Short web captions:
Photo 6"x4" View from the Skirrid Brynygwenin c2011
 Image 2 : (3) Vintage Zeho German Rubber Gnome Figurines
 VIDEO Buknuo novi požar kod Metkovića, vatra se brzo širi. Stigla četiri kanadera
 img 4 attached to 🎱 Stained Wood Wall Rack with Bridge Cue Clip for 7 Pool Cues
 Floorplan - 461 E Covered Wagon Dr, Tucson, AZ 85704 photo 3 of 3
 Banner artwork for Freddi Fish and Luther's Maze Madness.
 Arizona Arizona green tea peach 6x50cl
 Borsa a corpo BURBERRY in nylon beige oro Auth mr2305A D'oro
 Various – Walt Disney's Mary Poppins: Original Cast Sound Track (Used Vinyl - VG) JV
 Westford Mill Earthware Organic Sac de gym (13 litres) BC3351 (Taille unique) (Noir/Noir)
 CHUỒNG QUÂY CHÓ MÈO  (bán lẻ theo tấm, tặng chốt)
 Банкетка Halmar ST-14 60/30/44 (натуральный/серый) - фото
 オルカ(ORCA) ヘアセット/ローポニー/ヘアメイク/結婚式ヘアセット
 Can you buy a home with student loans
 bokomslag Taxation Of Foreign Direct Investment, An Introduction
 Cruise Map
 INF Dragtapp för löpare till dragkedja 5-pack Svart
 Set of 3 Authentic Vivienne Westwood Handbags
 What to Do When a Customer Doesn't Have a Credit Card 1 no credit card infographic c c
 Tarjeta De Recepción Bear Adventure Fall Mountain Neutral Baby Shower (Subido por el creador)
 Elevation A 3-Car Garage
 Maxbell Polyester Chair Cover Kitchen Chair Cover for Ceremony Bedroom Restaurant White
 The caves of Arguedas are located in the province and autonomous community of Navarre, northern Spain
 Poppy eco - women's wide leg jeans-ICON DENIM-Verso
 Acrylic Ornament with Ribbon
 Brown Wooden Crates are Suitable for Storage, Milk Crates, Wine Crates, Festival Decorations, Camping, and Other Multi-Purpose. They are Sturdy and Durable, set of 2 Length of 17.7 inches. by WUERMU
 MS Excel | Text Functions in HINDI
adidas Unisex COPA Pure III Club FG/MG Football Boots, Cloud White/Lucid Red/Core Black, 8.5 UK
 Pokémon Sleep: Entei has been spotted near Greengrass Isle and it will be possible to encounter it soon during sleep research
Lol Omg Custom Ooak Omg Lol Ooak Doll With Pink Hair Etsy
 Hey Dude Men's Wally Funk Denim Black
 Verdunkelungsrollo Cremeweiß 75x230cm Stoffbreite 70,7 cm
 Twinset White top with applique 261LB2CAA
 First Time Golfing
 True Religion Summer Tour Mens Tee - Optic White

_Task_. Using the entries above, repeat only the lines from the one containing "Arizona Arizona green tea peach 6x50cl" through the one containing "Lol Omg Custom", end lines included.

_Task answer_.
 Arizona Arizona green tea peach 6x50cl
 Borsa a corpo BURBERRY in nylon beige oro Auth mr2305A D'oro
 Various – Walt Disney's Mary Poppins: Original Cast Sound Track (Used Vinyl - VG) JV
 Westford Mill Earthware Organic Sac de gym (13 litres) BC3351 (Taille unique) (Noir/Noir)
 CHUỒNG QUÂY CHÓ MÈO  (bán lẻ theo tấm, tặng chốt)
 Банкетка Halmar ST-14 60/30/44 (натуральный/серый) - фото
 オルカ(ORCA) ヘアセット/ローポニー/ヘアメイク/結婚式ヘアセット
 Can you buy a home with student loans
 bokomslag Taxation Of Foreign Direct Investment, An Introduction
 Cruise Map
 INF Dragtapp för löpare till dragkedja 5-pack Svart
 Set of 3 Authentic Vivienne Westwood Handbags
 What to Do When a Customer Doesn't Have a Credit Card 1 no credit card infographic c c
 Tarjeta De Recepción Bear Adventure Fall Mountain Neutral Baby Shower (Subido por el creador)
 Elevation A 3-Car Garage
 Maxbell Polyester Chair Cover Kitchen Chair Cover for Ceremony Bedroom Restaurant White
 The caves of Arguedas are located in the province and autonomous community of Navarre, northern Spain
 Poppy eco - women's wide leg jeans-ICON DENIM-Verso
 Acrylic Ornament with Ribbon
 Brown Wooden Crates are Suitable for Storage, Milk Crates, Wine Crates, Festival Decorations, Camping, and Other Multi-Purpose. They are Sturdy and Durable, set of 2 Length of 17.7 inches. by WUERMU
 MS Excel | Text Functions in HINDI
adidas Unisex COPA Pure III Club FG/MG Football Boots, Cloud White/Lucid Red/Core Black, 8.5 UK
 Pokémon Sleep: Entei has been spotted near Greengrass Isle and it will be possible to encounter it soon during sleep research
Lol Omg Custom Ooak Omg Lol Ooak Doll With Pink Hair Etsy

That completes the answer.